Com mais de 472 mil afastamentos por saúde mental em 2024, o seguro de
vida em grupo se mostra uma ferramenta de gestão de riscos e de
sustentabilidade para as empresas

A saúde mental está no centro das atenções
após a atualização da NR-1, conjunto de normas que estabelece diretrizes
para o gerenciamento de riscos ocupacionais, com ênfase nos riscos
psicossociais e no bem-estar dos trabalhadores. Embora a norma esteja em
vigor desde 2025, o início da fiscalização está previsto para maio de
2026. Diante desse cenário, empresas de diferentes portes vêm revisando
suas políticas de proteção. Entre as pequenas e médias empresas (PMEs),
o seguro de vida em grupo tende a ganhar protagonismo como parte
estruturante das estratégias de gestão de riscos.

Pesquisas de tendências de benefícios apontam que a saúde e a segurança
financeira estão entre as principais prioridades dos profissionais ao
avaliar oportunidades de emprego. Um estudo global da Willis Towers
Watson (WTW) mostra que 58% dos empregados relatam que preocupações com
dinheiro impactam negativamente seus demais pilares de bem-estar:
físico, emocional e social. Esses resultados refletem a demanda dos
colaboradores por suporte que vá além de uma alta remuneração e reforçam
a necessidade de benefícios que promovam proteção completa.

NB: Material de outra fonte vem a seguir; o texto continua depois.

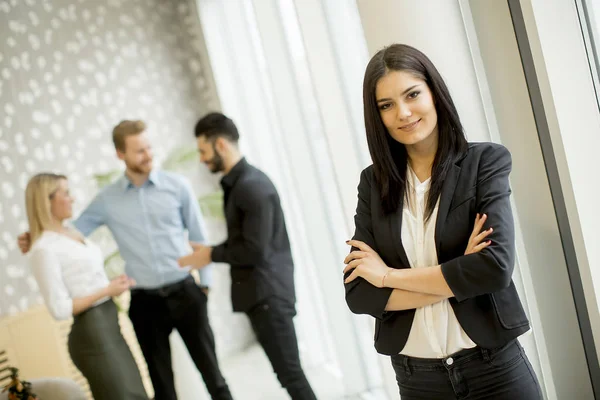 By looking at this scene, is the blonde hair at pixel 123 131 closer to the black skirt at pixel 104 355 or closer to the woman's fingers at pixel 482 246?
the black skirt at pixel 104 355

Para Marcell Guimarães, diretor de vendas da Omint Saúde, esse movimento
indica uma evolução na própria maturidade da gestão de pessoas. “O
seguro de vida em grupo não é apenas um benefício acessório. Ele
comunica proteção, previsibilidade e responsabilidade social. Para as
PMEs, é uma forma estratégica de demonstrar solidez na gestão e
compromisso real com seus colaboradores.”

Para pequenas e médias empresas, competir com grandes corporações apenas
pela remuneração pode ser um desafio. Nesse contexto, benefícios bem
estruturados ganham ainda mais relevância. Ao garantir proteção
financeira às famílias em situações imprevistas, o seguro contribui para
reduzir um dos principais fatores de ansiedade do trabalhador moderno: a
insegurança diante de riscos inesperados. Esse aspecto se conecta
diretamente à redução de absenteísmo e presenteísmo, termo utilizado
para exemplificar quando o profissional está fisicamente presente, mas
com baixa produtividade devido a questões emocionais ou psicológicas.

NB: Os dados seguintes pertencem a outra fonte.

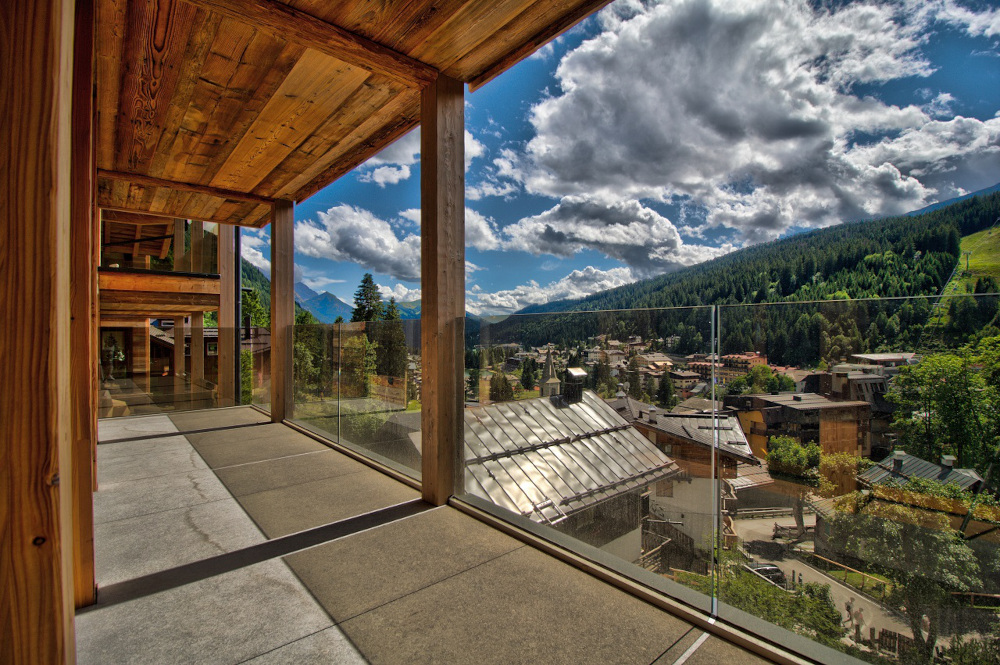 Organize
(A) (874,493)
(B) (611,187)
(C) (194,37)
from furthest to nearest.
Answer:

O debate ganha ainda mais relevância diante da síndrome de burnout,
classificada pela Organização Mundial da Saúde (OMS) como fenômeno
ocupacional. Nesse contexto, empresas que estruturam políticas de
proteção e cuidado fortalecem a percepção de suporte organizacional,
fator associado a melhores níveis de engajamento e desempenho.

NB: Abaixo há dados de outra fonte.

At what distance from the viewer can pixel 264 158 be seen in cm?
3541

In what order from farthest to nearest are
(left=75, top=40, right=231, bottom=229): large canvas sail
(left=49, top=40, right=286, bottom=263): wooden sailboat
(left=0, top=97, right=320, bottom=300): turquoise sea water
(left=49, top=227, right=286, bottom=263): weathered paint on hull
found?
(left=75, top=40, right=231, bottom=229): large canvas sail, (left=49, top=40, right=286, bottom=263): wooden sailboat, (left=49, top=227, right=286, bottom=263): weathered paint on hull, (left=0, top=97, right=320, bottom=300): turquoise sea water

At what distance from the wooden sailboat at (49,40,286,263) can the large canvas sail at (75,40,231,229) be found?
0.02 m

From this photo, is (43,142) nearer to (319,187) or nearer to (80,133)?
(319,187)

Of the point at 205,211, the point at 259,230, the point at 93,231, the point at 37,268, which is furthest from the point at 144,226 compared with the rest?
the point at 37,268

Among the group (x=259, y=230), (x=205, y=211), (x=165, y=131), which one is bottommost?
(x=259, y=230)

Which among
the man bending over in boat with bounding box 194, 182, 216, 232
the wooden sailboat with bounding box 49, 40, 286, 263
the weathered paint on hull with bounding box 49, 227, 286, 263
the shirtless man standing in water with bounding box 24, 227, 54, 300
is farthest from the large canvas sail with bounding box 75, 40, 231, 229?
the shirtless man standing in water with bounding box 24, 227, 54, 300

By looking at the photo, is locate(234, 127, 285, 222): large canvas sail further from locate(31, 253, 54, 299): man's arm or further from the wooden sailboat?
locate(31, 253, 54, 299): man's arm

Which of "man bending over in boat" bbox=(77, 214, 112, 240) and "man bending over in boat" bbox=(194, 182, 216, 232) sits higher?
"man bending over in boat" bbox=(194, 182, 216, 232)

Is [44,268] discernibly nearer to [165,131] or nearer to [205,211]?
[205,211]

Papel estratégico para o RH

Para o RH de pequenas e médias empresas, o desafio está em equilibrar
orçamento e impacto. O seguro de vida empresarial surge como uma solução
de alto valor percebido e custo acessível para o empregador.

Segundo Guimarães, o diferencial está na integração dos benefícios
dentro de um modelo orientado por dados e governança assistencial.
“Quando a empresa organiza seus benefícios de forma integrada,
combinando coordenação do cuidado e análise de dados em saúde, ela
consegue antecipar riscos assistenciais, apoiar programas de saúde
mental e aumentar a previsibilidade de custos e indicadores de saúde.”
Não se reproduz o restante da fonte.